IL PROFESSORE PRESTATO AL CALCIO – Scoglio e il Genoa, un rapporto d’amore. E di sano odio per i rivali. “Io odio la Sampdoria e non perdo occasione per ribadirlo”, non aveva certo problemi a farsi nemici. Eppure, nemmeno i tifosi blucerchiati difficilmente potevano pensare a Scoglio come un bersaglio. Come poteva esserlo, del resto, chi rispondeva ai giornalisti con frasi che sarebbero poi diventate celebri come quel “Mi faccia una domanda precisa, non posso fare dichiarazioni ad minchiam”. E come poteva esserlo un uomo che, prima ancora di essere un allenatore, era un pedagogo, e insegnava questa disciplina. Letteralmente, visto che era il suo mestiere negli anni sessanta in giro per il meridione, prima di provare ad applicare le sue conoscenze su un campo di calcio. E’ per questo che si guadagnò il sincero appellativo di “Professore”, tornando poi a insegnare nell’ateneo di Messina una volta avviatosi verso la naturale conclusione della propria carriera da tecnico. Oltre alle varie avventure al Genoa, Scoglio ha allenato anche Bologna e Torino in Serie A, Napoli e Udinese e tante altre in Serie B. A quasi sessant’anni si scoprì commissario tecnico, allenando prima la Tunisia dal 1998 al 2000, conquistando anche la qualificazione ai Mondiali 2002 ai quali rinunciò per tornare al Genoa, quindi la Libia in un’esperienza finita ben presto per visioni divergenti con il presidente federale nonché figlio di Gheddafi. Visioni divergenti, è questo il fulcro dell’esperienza di vita del tecnico siciliano nel mondo del calcio.
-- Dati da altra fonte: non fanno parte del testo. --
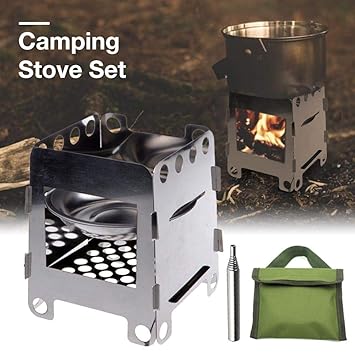  Sweetyhomes Camp Stove Folding Stainless Steel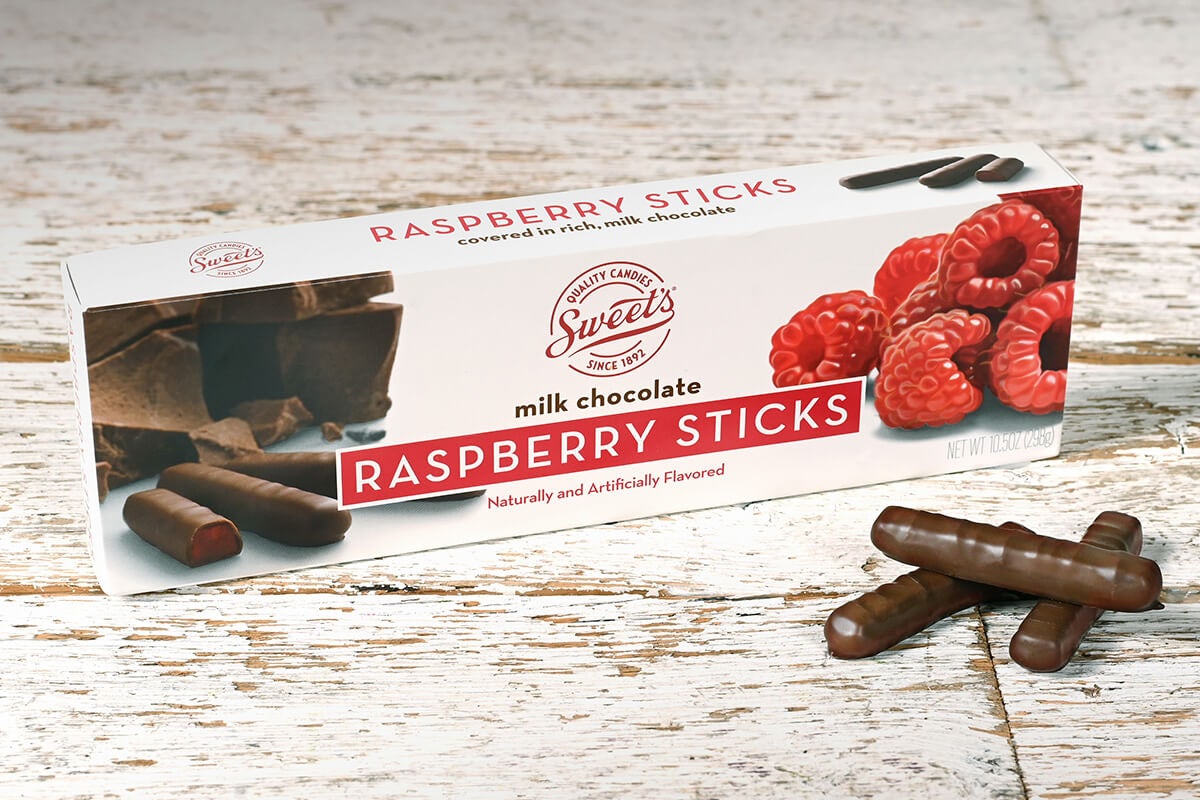 Order Milk Chocolate Raspberry Sticks food online from Cracker Barrel Old Country Store store, Adairsville on bringmethat.com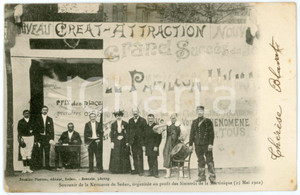 1902 SEDAN Kermesse au profit des SinistrÃ©s de la Martinique - Carte postale  Cartolina postale d'epoca, scritta ma non viaggiata.CONDIZIONI: G (lievi piegature angolari e minima sbrecciatura)FORMATO: FP    originale e autentica 1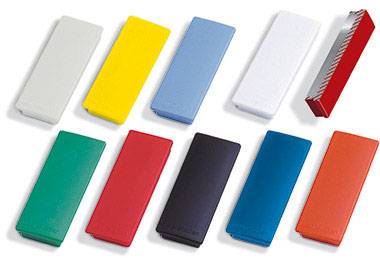 Magnetoplan Magnet Magnet Block II (B x H) 55 mm x 22 mm rechteckig Weiß 10 St. 1665100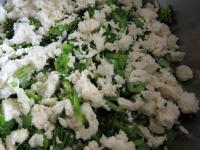 Finely cut the brocolli, place into a deeper bowl,...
“MORIRO’ PARLANDO DEL GENOA” – Così tanto l’amore per il Grifone che, raccontano in molti, non perdeva occasione per dire “Morirò parlando del Genoa”. Purtroppo, aveva ancora una volta ragione. Franco Scogliò se ne andò proprio parlando del Genoa, colpito da un infarto nel corso di una trasmissione della rete ligure Primocanale, nel corso di un diverbio al telefono con il presidente Enrico Preziosi. Si accasciò al suolo a telecamere accese, la trasmissione fu subito interrotta e i presenti in studio provarono a rianimarlo in attesa dei soccorsi. Al suo fianco c’era una bandiera dei rossoblu come Claudio Onofri. Niente da fare, il cuore di Scoglio aveva cessato di battere il 3 ottobre 2005, nella “sua” Genova, dove pochi giorni dopo si celebrò il funerale con oltre diecimila persone accorse per l’ultimo saluto. Non c’è dubbio, era amato in maniera trasversale. La sua salma fu trasferita poi a Lipari, dove nacque, passando per l’ultimo saluto anche da Messina. E lo stadio San Filippo, principale impianto della città peloritana, porta da alcuni anni il nome di Franco Scoglio. “Io non faccio poesia. Io verticalizzo”: buon compleanno, ovunque egli sia.